*INPUT DATA*:
■ ■ ■

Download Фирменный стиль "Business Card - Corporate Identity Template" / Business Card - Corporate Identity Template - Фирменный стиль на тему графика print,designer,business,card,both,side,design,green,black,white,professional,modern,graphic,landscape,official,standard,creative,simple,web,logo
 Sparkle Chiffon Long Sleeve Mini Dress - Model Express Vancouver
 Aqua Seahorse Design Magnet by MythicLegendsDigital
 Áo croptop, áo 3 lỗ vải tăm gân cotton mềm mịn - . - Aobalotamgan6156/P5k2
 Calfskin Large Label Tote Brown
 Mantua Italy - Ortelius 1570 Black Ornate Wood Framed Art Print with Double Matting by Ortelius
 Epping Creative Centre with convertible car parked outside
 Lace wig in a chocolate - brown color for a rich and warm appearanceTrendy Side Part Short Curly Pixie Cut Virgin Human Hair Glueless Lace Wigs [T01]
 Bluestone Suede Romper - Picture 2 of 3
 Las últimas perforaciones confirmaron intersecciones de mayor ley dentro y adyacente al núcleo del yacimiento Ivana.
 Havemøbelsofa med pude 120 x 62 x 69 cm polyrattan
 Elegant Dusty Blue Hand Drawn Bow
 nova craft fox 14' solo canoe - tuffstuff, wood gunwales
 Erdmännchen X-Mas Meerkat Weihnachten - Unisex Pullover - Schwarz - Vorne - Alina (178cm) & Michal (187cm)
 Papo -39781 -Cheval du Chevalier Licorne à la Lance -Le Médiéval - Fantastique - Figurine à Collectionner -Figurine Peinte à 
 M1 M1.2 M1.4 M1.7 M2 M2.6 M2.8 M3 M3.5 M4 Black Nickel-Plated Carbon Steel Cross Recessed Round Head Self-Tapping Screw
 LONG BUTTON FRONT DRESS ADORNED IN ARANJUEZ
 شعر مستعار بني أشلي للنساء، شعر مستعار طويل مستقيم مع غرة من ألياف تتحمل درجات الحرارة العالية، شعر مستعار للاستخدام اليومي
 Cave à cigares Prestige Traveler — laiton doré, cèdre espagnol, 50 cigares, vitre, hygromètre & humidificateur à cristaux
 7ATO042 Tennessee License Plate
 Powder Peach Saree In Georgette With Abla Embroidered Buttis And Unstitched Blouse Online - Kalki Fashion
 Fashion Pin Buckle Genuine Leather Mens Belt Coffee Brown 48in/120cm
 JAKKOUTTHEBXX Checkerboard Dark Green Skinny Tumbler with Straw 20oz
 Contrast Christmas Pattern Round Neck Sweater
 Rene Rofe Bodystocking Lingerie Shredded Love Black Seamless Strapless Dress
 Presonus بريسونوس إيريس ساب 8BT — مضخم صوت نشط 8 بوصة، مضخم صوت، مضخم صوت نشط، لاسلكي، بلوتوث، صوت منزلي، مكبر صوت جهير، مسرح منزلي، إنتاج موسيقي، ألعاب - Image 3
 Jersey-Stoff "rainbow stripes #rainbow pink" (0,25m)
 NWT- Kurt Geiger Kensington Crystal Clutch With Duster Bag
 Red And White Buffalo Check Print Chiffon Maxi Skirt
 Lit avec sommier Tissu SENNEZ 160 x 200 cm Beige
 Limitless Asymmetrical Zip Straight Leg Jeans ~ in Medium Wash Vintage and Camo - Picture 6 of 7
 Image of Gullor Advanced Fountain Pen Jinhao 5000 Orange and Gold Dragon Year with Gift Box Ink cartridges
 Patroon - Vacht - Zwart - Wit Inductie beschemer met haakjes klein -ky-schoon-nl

■ ■ ■

*PROBLEM REQUIREMENTS*: Output the lines above exactly, but only those between the line holding "Las últimas perforaciones" and the line holding "LONG BUTTON FRONT DRESS ADORNED IN ARANJUEZ", inclusive.

*TASK ANSWER*:
 Las últimas perforaciones confirmaron intersecciones de mayor ley dentro y adyacente al núcleo del yacimiento Ivana.
 Havemøbelsofa med pude 120 x 62 x 69 cm polyrattan
 Elegant Dusty Blue Hand Drawn Bow
 nova craft fox 14' solo canoe - tuffstuff, wood gunwales
 Erdmännchen X-Mas Meerkat Weihnachten - Unisex Pullover - Schwarz - Vorne - Alina (178cm) & Michal (187cm)
 Papo -39781 -Cheval du Chevalier Licorne à la Lance -Le Médiéval - Fantastique - Figurine à Collectionner -Figurine Peinte à 
 M1 M1.2 M1.4 M1.7 M2 M2.6 M2.8 M3 M3.5 M4 Black Nickel-Plated Carbon Steel Cross Recessed Round Head Self-Tapping Screw
 LONG BUTTON FRONT DRESS ADORNED IN ARANJUEZ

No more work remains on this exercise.